• [GIVEN DATA]
- Opening Delimiter -

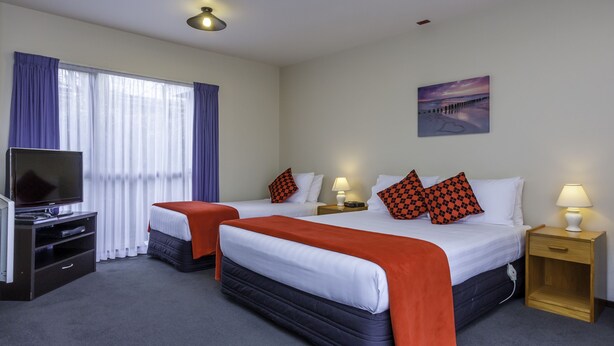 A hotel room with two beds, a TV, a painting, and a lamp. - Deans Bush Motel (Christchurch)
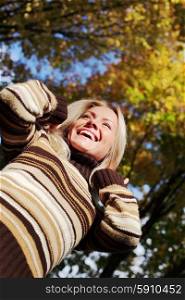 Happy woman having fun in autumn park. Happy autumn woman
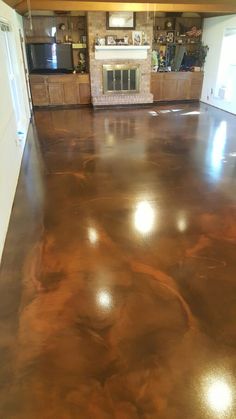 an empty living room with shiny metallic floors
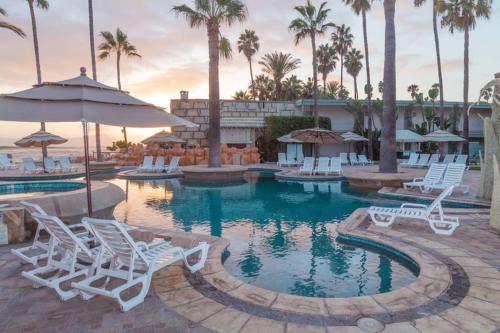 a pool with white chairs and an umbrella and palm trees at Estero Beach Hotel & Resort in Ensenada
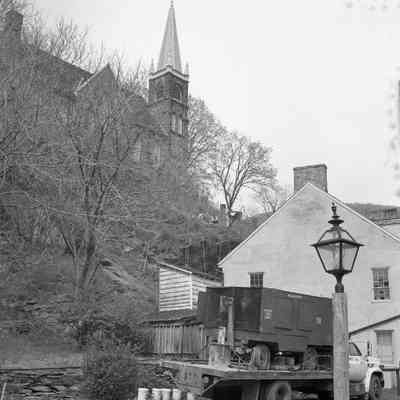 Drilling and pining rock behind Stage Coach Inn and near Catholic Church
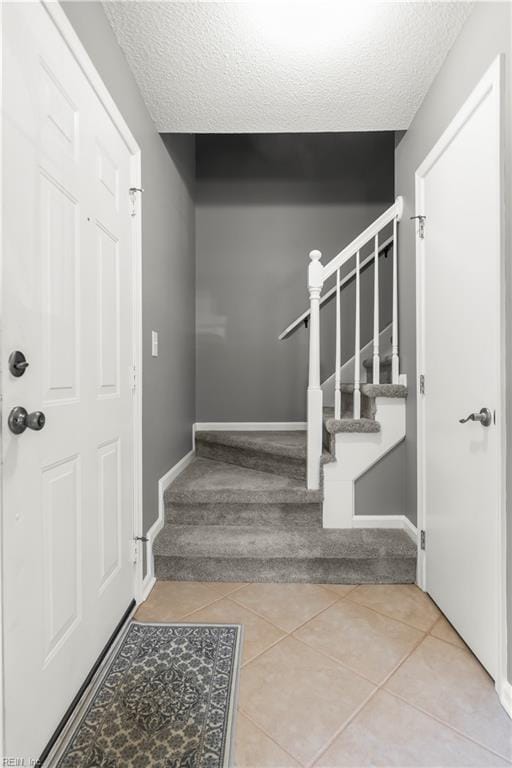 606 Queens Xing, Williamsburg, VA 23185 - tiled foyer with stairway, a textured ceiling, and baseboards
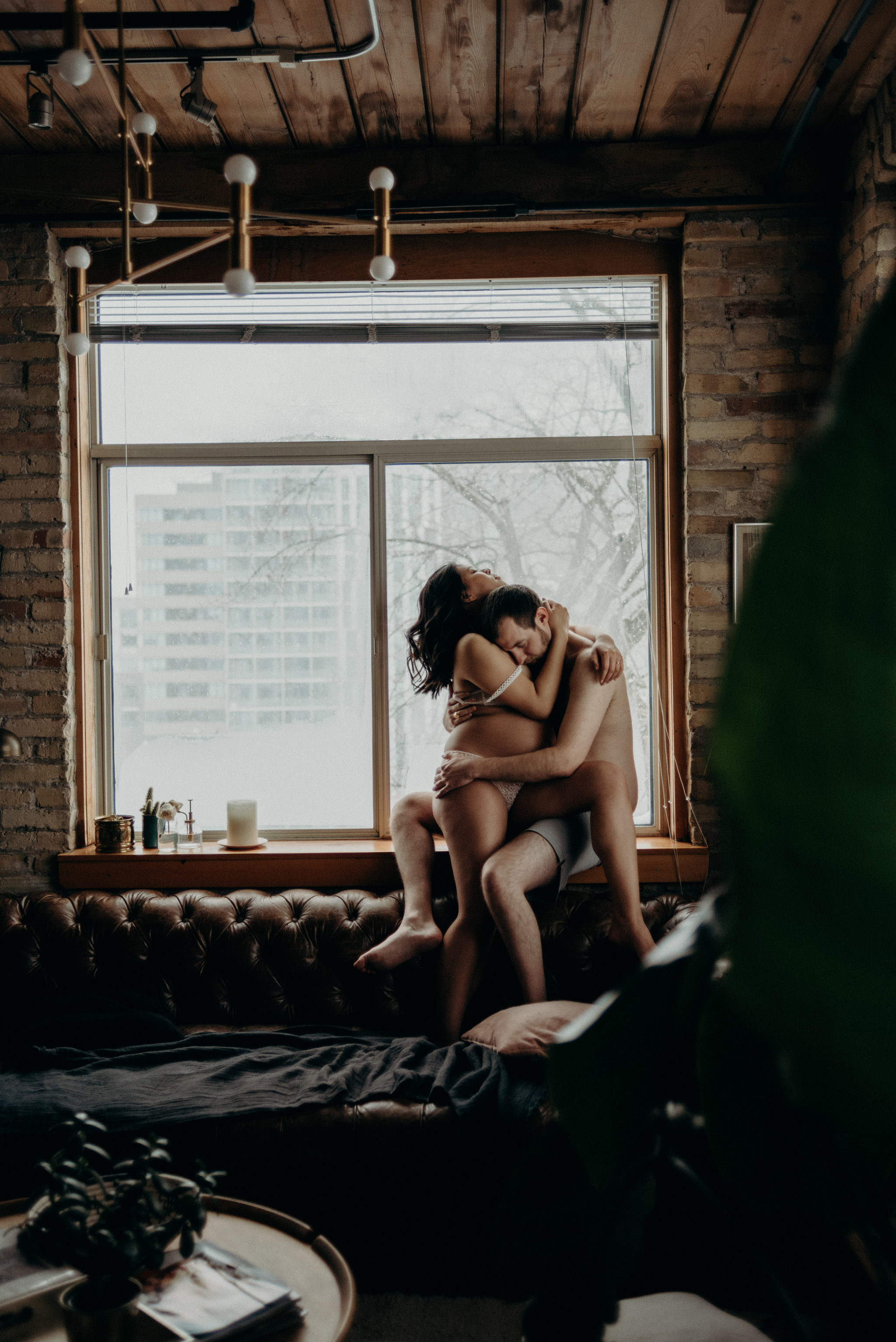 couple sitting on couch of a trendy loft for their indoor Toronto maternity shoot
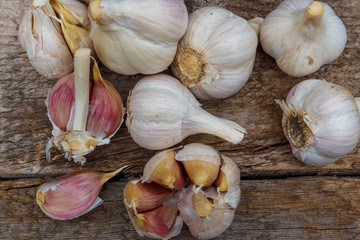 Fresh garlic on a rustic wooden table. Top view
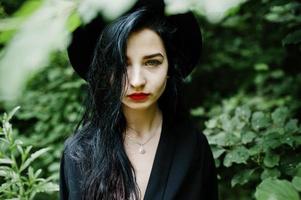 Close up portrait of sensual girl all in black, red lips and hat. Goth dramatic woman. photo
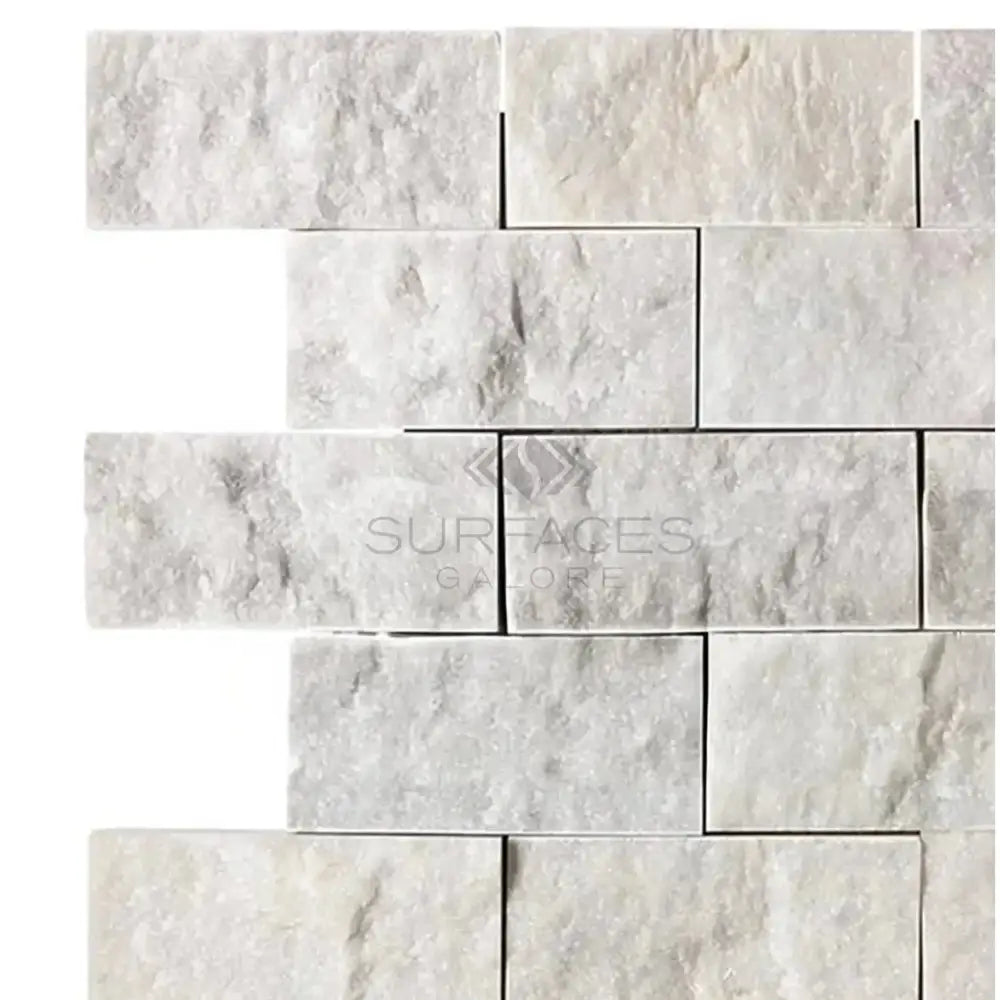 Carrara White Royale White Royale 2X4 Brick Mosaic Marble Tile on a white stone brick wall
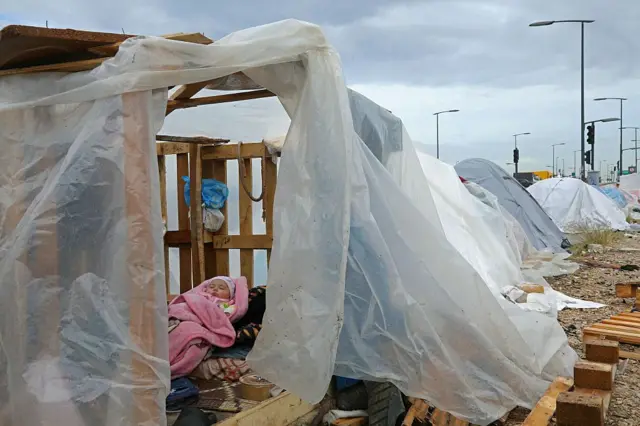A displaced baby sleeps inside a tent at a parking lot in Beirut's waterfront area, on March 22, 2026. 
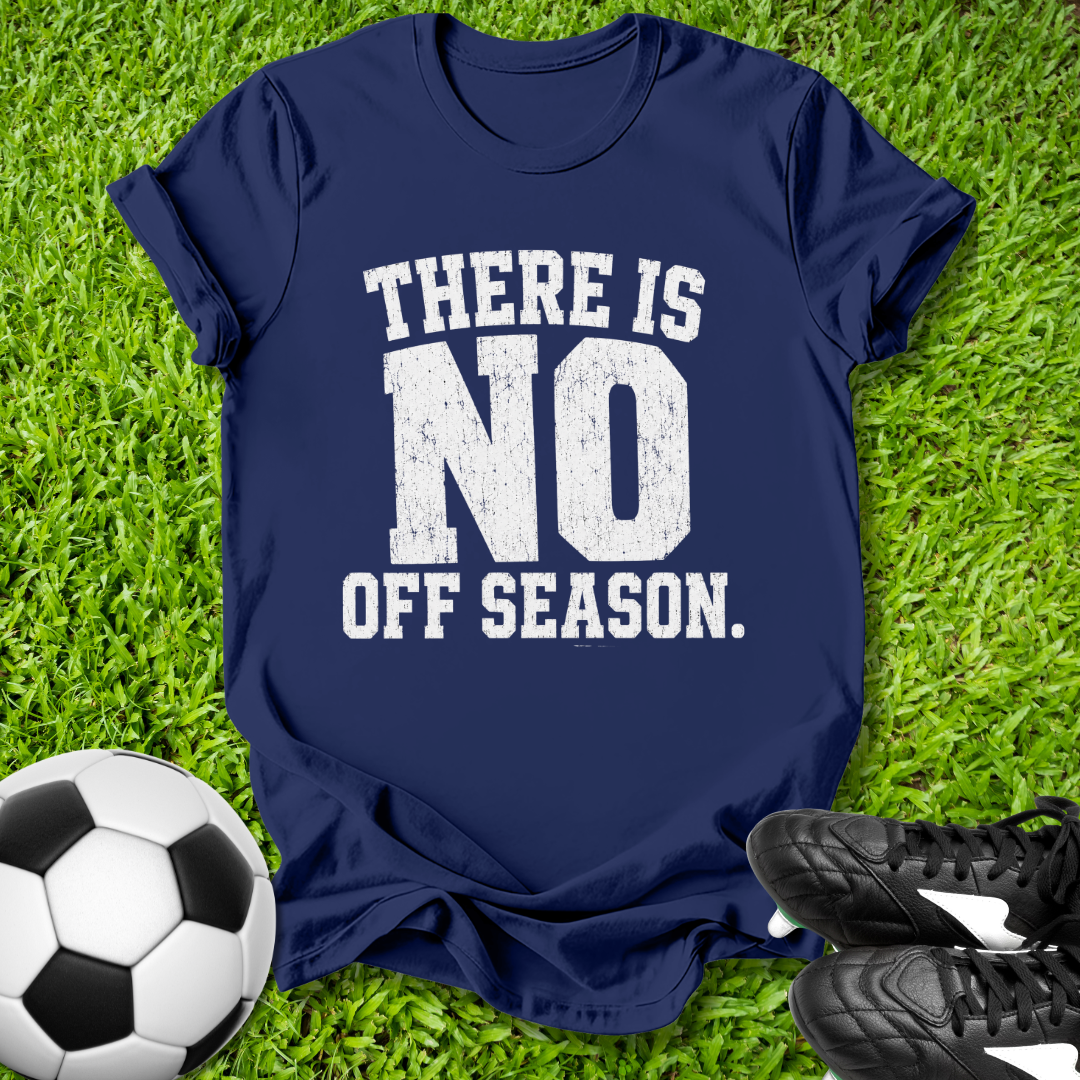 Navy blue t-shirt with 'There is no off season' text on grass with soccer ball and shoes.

- Closing Delimiter -

• [EXERCISE]
In the entries above, every line from the line with "Happy woman having" to the line with "Drilling and pining" is to be printed exactly, with both ends included and pictures excluded.

• [RESULT OF THIS TASK]
 Happy woman having fun in autumn park. Happy autumn woman
 an empty living room with shiny metallic floors
 a pool with white chairs and an umbrella and palm trees at Estero Beach Hotel & Resort in Ensenada
 Drilling and pining rock behind Stage Coach Inn and near Catholic Church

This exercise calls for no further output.